Health Care Reform and Bipartisanship?

The promise of bipartisanship took on a new meaning last week when Majority Leader in the Senate, Harry Reid-D-NV, made a statement after being given truth serum (post truth serum statement in parenthesis below)….

“We’ve always had a place at the table for Republicans. There’s one there today (have a seat in this electric chair). We hope it bears fruit,” he said. “

“If we can’t get the 60 votes we need, then we’ll have no alternative but to use the (divisive nuclear option) reconciliation procedure. (Therefore, as you can see), I strongly favor a bipartisan approach”. (and wish my fellow Senators and Representatives good luck in their reelection bids in 2010).

In addition, I guess those that opposed the bills got a little disenchanted with the “bipartisan” lip service from those that supported it after all the 35 different amendments proposed by the minority party in both the U.S. House and Senate were shot down for the most part, along straight partisan lines.
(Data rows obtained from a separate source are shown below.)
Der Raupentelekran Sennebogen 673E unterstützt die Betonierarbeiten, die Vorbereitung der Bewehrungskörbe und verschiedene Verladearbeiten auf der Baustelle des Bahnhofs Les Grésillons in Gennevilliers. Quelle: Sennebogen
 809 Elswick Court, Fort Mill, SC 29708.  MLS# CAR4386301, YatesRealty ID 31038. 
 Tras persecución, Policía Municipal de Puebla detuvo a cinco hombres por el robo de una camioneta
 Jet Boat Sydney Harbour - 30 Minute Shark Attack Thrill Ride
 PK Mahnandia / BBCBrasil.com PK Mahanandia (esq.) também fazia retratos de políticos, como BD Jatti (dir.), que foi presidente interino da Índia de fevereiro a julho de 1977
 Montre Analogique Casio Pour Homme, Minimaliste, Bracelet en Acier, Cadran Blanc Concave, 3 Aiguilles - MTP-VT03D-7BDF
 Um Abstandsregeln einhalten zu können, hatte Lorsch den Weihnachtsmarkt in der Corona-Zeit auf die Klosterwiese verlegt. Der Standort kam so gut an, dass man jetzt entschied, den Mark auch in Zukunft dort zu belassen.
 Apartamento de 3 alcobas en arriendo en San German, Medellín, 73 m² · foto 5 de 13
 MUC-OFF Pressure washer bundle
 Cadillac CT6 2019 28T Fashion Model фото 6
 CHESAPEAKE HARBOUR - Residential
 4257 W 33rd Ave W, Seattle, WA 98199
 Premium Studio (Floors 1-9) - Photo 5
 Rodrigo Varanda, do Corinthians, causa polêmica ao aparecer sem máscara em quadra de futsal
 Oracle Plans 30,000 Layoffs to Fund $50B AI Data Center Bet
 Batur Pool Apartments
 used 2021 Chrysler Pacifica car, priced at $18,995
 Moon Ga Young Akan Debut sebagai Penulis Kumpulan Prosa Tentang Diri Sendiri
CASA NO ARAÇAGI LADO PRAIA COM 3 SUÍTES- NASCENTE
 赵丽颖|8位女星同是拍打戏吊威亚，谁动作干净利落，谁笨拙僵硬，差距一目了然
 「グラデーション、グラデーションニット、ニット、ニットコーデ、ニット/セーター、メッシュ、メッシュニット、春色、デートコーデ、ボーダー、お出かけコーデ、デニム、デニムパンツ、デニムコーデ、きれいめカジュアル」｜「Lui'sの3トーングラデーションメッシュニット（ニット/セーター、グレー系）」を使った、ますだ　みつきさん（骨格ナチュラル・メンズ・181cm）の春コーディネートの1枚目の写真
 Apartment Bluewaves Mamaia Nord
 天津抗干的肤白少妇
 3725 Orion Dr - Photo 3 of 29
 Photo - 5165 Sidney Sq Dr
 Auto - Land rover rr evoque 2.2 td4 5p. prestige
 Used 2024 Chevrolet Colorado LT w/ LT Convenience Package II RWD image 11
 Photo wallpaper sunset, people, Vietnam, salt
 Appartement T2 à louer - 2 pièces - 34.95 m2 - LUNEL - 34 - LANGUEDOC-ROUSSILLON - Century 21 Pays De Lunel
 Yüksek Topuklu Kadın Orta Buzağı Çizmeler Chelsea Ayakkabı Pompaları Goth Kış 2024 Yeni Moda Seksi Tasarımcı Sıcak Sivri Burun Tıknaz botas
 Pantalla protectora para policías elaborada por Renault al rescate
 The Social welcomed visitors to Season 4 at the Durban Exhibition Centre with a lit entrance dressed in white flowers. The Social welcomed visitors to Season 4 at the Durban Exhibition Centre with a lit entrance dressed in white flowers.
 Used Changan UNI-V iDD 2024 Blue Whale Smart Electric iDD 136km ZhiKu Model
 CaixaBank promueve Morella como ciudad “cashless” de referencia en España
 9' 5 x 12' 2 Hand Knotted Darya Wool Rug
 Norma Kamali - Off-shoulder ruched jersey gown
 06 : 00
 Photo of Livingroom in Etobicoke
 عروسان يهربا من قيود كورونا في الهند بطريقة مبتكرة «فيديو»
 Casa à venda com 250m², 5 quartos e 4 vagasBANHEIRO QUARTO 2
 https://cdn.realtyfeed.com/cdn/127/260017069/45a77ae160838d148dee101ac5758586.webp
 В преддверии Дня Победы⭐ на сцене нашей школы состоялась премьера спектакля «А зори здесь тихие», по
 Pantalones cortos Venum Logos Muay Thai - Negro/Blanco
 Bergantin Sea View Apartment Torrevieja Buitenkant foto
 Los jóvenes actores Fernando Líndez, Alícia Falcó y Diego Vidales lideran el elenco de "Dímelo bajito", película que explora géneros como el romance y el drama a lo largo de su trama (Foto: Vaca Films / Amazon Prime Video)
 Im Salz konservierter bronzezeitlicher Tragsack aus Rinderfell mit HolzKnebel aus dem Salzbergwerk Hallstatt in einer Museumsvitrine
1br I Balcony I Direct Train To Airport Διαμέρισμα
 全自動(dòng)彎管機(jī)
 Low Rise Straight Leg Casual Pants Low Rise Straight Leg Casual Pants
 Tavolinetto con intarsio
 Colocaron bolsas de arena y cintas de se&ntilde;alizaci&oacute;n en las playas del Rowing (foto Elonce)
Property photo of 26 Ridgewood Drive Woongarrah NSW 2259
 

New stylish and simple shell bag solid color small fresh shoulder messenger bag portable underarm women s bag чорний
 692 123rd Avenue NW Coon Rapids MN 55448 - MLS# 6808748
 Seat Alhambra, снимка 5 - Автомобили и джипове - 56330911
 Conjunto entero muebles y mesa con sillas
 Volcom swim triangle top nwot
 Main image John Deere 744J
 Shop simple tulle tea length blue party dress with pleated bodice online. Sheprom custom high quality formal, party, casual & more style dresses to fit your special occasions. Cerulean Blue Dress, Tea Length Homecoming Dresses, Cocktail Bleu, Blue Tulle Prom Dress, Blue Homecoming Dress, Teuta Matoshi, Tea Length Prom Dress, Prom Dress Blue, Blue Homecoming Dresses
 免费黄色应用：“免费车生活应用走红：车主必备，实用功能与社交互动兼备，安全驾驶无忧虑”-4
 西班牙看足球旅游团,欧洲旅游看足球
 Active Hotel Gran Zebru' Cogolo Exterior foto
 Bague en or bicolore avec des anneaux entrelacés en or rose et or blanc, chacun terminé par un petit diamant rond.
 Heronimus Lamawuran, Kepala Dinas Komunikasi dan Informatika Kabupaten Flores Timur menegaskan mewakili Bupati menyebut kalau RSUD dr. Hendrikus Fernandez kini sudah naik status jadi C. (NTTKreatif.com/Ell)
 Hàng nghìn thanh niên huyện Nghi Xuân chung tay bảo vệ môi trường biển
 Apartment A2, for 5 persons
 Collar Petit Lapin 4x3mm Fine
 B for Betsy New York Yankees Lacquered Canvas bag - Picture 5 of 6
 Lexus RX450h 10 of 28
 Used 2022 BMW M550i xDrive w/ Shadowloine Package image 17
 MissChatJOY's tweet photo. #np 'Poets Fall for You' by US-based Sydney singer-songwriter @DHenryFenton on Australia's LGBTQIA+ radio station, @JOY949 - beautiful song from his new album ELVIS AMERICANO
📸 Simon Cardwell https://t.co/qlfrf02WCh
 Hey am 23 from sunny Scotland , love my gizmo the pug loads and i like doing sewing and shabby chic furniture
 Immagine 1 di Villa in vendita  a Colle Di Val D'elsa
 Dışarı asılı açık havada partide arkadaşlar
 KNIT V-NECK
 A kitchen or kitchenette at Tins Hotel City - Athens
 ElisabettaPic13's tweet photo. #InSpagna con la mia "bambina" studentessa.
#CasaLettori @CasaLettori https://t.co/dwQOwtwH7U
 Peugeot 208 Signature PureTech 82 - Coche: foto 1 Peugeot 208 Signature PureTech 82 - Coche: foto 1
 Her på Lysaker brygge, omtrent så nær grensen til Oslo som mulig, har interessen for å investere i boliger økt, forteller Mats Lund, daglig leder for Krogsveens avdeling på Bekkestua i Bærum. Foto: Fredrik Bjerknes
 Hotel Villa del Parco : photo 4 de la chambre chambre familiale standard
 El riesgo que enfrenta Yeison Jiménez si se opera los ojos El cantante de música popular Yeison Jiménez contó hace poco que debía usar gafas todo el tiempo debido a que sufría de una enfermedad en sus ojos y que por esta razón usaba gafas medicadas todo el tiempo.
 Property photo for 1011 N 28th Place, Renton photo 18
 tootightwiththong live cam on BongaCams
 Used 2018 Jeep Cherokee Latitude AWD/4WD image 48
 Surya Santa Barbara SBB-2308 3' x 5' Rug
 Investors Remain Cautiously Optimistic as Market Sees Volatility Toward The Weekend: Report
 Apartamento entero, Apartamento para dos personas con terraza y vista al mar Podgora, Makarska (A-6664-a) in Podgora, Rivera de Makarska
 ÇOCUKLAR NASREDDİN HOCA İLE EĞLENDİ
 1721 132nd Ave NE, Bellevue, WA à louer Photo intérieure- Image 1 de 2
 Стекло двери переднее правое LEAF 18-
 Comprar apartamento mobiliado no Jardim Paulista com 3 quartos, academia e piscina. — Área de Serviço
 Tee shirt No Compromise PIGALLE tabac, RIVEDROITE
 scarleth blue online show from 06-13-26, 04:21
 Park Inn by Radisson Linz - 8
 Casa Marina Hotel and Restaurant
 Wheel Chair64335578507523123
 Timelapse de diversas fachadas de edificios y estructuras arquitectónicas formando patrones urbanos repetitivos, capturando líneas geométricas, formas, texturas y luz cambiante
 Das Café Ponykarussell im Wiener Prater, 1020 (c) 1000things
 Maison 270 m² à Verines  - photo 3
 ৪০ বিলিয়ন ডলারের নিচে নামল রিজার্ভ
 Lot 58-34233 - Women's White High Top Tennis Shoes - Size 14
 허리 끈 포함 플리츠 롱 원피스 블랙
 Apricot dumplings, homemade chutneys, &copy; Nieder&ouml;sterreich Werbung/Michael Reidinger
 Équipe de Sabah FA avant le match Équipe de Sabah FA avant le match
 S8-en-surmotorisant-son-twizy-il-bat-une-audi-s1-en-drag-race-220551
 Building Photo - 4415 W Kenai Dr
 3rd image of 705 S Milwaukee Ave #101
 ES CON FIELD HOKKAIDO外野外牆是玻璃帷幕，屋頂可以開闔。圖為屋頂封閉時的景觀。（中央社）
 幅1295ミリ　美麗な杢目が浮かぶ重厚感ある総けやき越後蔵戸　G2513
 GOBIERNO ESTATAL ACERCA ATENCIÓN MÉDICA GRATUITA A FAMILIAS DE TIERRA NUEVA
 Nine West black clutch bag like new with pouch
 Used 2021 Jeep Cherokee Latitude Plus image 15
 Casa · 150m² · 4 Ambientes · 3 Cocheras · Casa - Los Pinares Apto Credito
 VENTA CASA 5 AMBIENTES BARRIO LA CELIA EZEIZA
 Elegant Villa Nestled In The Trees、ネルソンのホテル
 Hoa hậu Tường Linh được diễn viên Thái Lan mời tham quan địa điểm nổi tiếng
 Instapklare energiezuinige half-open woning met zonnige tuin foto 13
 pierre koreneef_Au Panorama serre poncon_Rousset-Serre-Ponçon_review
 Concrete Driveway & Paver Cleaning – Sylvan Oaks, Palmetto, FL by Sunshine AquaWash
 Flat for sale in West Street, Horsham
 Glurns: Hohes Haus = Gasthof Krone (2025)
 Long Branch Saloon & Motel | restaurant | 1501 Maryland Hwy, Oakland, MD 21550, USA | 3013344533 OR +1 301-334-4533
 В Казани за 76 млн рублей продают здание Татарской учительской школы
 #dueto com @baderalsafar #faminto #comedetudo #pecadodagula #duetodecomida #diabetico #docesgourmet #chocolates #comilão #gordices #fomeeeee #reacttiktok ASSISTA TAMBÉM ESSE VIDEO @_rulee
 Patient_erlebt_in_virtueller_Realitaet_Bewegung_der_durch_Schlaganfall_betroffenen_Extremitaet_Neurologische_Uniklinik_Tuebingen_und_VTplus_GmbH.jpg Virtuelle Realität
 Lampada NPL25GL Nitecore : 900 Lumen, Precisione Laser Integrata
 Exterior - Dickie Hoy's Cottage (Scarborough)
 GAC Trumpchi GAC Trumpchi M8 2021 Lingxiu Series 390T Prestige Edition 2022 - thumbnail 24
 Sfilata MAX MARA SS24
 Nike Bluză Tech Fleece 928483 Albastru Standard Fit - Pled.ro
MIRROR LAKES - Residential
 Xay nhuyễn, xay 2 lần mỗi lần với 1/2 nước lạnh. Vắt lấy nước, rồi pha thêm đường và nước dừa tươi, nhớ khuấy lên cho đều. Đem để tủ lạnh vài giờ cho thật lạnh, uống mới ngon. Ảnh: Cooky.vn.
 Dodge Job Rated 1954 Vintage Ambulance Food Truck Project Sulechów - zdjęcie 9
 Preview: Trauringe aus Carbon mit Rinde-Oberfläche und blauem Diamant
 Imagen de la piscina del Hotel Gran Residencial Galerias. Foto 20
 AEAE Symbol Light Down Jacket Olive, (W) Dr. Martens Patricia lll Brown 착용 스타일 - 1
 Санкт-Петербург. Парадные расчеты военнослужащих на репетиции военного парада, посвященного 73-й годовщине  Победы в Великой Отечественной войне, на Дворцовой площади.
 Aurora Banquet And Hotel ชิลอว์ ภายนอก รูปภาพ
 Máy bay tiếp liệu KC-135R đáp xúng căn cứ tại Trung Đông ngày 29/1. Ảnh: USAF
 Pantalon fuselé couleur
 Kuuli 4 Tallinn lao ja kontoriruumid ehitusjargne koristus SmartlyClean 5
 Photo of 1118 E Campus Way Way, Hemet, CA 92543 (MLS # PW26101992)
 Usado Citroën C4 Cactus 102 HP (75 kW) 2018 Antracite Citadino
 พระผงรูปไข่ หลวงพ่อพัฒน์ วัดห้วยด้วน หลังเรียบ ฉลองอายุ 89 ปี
Regardless of how many times the President goes on TV, the trend of most Polls since July have shown that those that support the present legislation are losing ground among young adults, seniors and the critically important independent voters. As the debate on health care reform continues, it has become less about health care, health insurance, public options, public options with triggers, market exchanges, coops or moral imperatives. It is becoming increasingly clear that voters while not consistently rejecting the messenger are consistently rejecting the message. While the majority of the public want improved access, affordability and quality health care, they do not want it in the form of an expanded role of government and interference in the doctor patient relationship.

So last week a senior citizen got it right when he said to a Congressperson at a town hall meeting “Don’t pee on my leg and tell me it is raining”. He gets it, like most of us do. It is what it is.